Francet Mamaï, un viejo flautín que viene de cuando en
cuando a pasar la velada conmigo, y a beber vino caliente, me contó la otra
noche un pequeño drama de aldea, del que mi molino fue testigo hace unos veinte
años. El relato de mi amigo me ha impresionado, y voy a intentar contároslo
tal como lo oí. Imaginaos por un momento, amables lectores, que estáis
sentados ante una jarra de buen vino y que es un viejo flautín quien os habla.

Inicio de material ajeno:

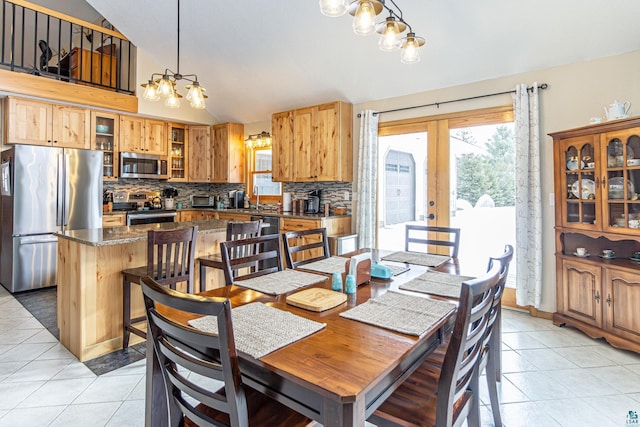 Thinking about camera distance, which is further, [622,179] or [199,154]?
[199,154]

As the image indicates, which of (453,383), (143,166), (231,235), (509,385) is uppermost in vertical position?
(143,166)

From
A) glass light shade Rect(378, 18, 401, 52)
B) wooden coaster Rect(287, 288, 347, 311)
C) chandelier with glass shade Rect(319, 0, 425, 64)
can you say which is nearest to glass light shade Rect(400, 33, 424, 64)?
chandelier with glass shade Rect(319, 0, 425, 64)

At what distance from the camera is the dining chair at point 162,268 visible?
7.96ft

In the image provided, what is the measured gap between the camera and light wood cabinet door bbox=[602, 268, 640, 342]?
263 centimetres

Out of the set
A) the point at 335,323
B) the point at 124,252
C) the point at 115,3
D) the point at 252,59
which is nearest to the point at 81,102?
the point at 115,3

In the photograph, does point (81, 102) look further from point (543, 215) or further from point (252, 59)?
point (543, 215)

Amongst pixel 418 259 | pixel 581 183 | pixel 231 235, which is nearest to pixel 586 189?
→ pixel 581 183

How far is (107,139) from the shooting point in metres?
5.37

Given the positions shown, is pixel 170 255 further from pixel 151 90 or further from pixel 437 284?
pixel 437 284

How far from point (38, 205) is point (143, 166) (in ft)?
5.46

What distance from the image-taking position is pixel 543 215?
346cm

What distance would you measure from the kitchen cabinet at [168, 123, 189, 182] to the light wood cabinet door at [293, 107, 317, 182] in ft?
7.95

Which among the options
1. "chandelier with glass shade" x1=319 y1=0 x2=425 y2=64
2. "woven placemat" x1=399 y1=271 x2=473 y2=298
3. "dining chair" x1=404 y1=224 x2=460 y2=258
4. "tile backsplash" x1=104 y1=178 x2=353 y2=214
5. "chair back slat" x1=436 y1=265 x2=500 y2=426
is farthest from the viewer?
"tile backsplash" x1=104 y1=178 x2=353 y2=214

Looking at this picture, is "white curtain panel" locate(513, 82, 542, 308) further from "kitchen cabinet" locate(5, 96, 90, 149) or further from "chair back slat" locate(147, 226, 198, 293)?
"kitchen cabinet" locate(5, 96, 90, 149) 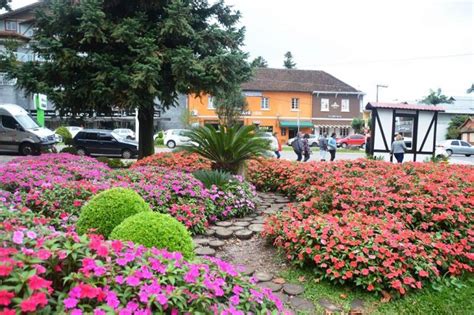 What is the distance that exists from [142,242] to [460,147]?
33.5 meters

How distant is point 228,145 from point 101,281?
5.66 meters

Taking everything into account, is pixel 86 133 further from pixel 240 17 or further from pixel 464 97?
pixel 464 97

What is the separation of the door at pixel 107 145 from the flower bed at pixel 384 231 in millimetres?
14811

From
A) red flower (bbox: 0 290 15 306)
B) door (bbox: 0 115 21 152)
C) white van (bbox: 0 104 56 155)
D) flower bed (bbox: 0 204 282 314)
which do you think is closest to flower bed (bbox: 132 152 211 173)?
flower bed (bbox: 0 204 282 314)

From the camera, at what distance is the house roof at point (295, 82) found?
1571 inches

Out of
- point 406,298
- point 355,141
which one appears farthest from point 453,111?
point 406,298

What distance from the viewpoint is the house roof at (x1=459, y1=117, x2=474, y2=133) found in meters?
40.1

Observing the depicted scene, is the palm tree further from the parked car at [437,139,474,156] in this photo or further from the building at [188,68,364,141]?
the building at [188,68,364,141]

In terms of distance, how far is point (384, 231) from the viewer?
3803mm

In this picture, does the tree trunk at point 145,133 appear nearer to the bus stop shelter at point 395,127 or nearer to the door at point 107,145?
the door at point 107,145

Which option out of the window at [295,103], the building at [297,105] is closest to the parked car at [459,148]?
the building at [297,105]

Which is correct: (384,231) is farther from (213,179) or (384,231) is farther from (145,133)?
(145,133)

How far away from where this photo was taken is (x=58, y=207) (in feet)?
15.6

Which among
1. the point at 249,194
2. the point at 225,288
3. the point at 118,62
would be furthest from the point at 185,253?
the point at 118,62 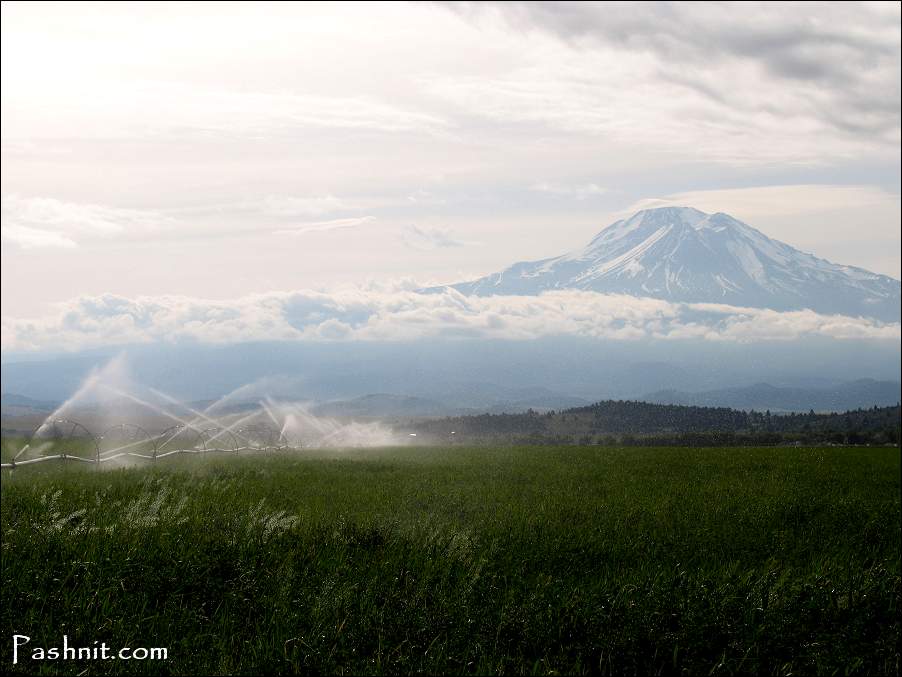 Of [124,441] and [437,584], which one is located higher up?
[124,441]

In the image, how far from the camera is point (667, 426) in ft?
291

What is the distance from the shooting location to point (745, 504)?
18.0m

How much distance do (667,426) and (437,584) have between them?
81.7 metres

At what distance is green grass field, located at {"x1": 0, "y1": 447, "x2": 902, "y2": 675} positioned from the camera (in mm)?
8680

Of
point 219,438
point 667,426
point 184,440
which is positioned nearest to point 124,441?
point 184,440

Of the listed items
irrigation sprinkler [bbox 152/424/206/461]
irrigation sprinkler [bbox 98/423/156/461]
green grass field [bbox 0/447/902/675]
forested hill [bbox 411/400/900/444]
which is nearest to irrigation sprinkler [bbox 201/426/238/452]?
irrigation sprinkler [bbox 152/424/206/461]

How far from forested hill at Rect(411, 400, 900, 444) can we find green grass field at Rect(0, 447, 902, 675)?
43562 millimetres

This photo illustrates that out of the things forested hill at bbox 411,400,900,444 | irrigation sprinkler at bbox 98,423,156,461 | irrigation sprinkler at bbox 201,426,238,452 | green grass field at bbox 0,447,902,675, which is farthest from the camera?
forested hill at bbox 411,400,900,444

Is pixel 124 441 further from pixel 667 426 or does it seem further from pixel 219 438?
pixel 667 426

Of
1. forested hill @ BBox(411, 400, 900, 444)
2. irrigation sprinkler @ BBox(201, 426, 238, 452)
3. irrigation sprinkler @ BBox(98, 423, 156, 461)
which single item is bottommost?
forested hill @ BBox(411, 400, 900, 444)

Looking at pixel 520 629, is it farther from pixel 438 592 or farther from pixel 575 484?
pixel 575 484

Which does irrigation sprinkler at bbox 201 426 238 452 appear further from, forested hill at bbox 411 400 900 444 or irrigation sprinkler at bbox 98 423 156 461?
forested hill at bbox 411 400 900 444

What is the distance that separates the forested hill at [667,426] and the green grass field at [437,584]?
43.6 metres

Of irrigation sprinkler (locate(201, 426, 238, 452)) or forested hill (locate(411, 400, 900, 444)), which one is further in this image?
forested hill (locate(411, 400, 900, 444))
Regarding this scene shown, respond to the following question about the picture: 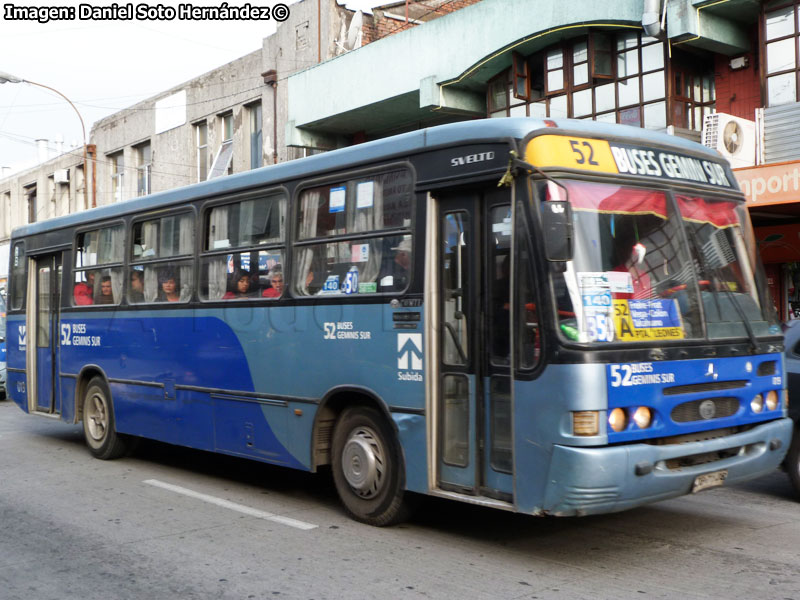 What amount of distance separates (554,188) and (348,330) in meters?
2.23

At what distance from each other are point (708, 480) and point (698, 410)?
1.50ft

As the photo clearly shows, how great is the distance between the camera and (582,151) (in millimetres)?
5949

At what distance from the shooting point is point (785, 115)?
46.1ft

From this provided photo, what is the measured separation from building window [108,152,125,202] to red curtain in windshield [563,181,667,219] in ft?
92.9

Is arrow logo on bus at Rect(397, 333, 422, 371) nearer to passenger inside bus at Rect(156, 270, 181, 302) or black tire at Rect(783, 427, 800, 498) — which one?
passenger inside bus at Rect(156, 270, 181, 302)

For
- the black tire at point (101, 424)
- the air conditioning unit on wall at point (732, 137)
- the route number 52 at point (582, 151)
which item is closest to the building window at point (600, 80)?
the air conditioning unit on wall at point (732, 137)

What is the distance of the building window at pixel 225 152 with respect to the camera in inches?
1014

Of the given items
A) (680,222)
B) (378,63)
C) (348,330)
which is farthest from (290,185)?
(378,63)

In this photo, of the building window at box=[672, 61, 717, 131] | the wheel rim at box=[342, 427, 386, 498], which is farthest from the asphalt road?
the building window at box=[672, 61, 717, 131]

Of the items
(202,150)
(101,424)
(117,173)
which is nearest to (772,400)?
(101,424)

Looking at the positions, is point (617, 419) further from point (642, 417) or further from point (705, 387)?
point (705, 387)

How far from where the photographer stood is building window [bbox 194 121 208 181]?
89.2 feet

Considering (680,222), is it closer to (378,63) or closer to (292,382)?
(292,382)

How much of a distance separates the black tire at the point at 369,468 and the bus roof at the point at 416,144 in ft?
6.62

Nuestro país, mi querido señor, no fue siempre un lugar
sin vida y sin nombre, como hoy día. Antaño existía un floreciente comercio de
molinería, y de diez leguas a la redonda la gente de las masadas nos traía su
trigo para molerlo... En torno a la aldea, las colinas estaban coronadas de
molinos de viento. A derecha e izquierda no se veía más que las aspas empujadas
por el violento maestral, que se asomaban por encima de las copas de los pinos,
y una interminable retahíla de borriquillos cargados con sacos, que subían y
bajaban a lo largo de los caminos. Durante toda la semana daba gusto oír el
chasquido de los látigos, el crujir de la arpillera y el griterío de los mozos
del molino... El domingo íbamos a los molinos en grupos. Y allá arriba los
molineros nos convidaban a moscatel. Las molineras eran lindas como reinas,
con sus pañoletas de encaje y sus cruces de oro.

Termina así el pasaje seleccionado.